### [Exercise directions]
Please write out every line of the listing without alteration, but omit the images.

### [Supplied information]
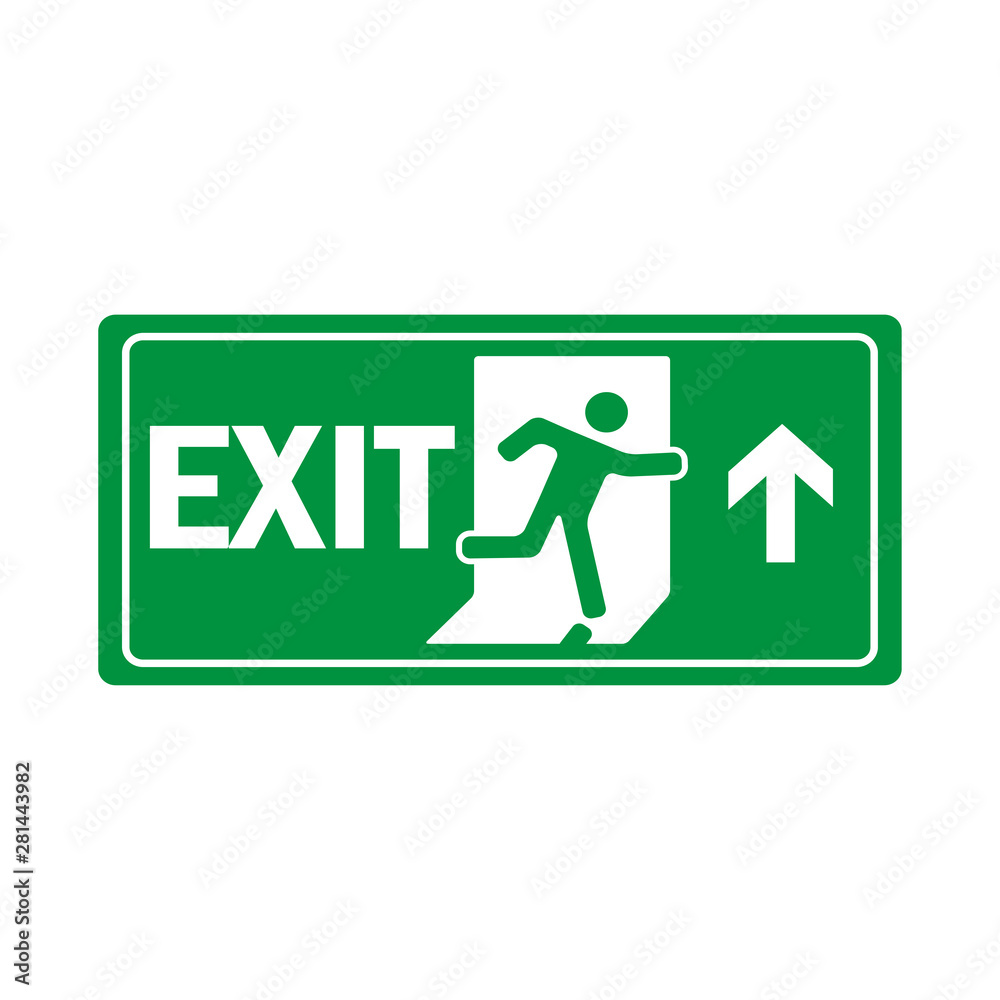 fire exit icon vector design template fire exit icon vector design template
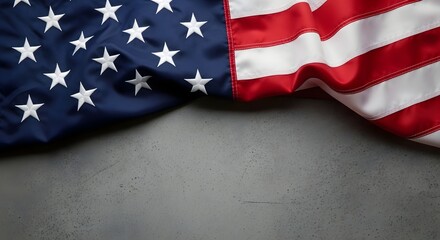 Obraz premium American flag for flag day memorial day and independence day celebrating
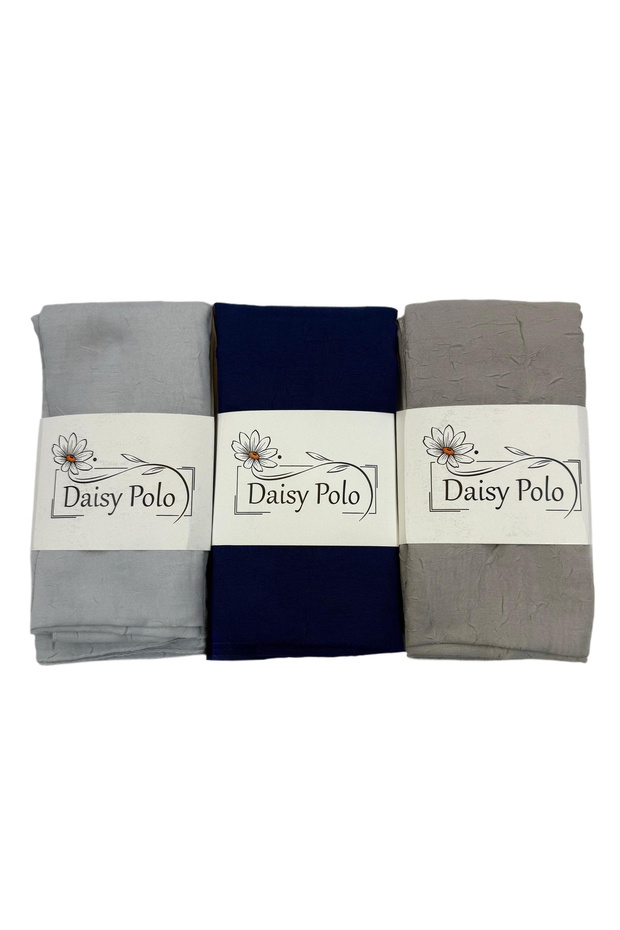 Bambu Kraş Şal Üçlü Set - 1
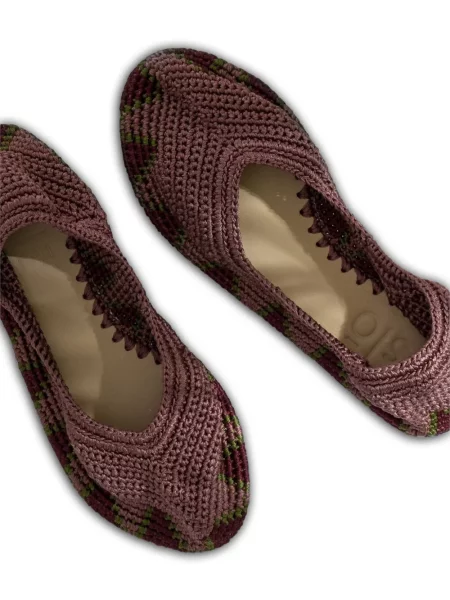 Kötött balerina Slo_hand_made rózsaszín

### [Answer section]
 fire exit icon vector design template fire exit icon vector design template
 Obraz premium American flag for flag day memorial day and independence day celebrating
 Bambu Kraş Şal Üçlü Set - 1
 Kötött balerina Slo_hand_made rózsaszín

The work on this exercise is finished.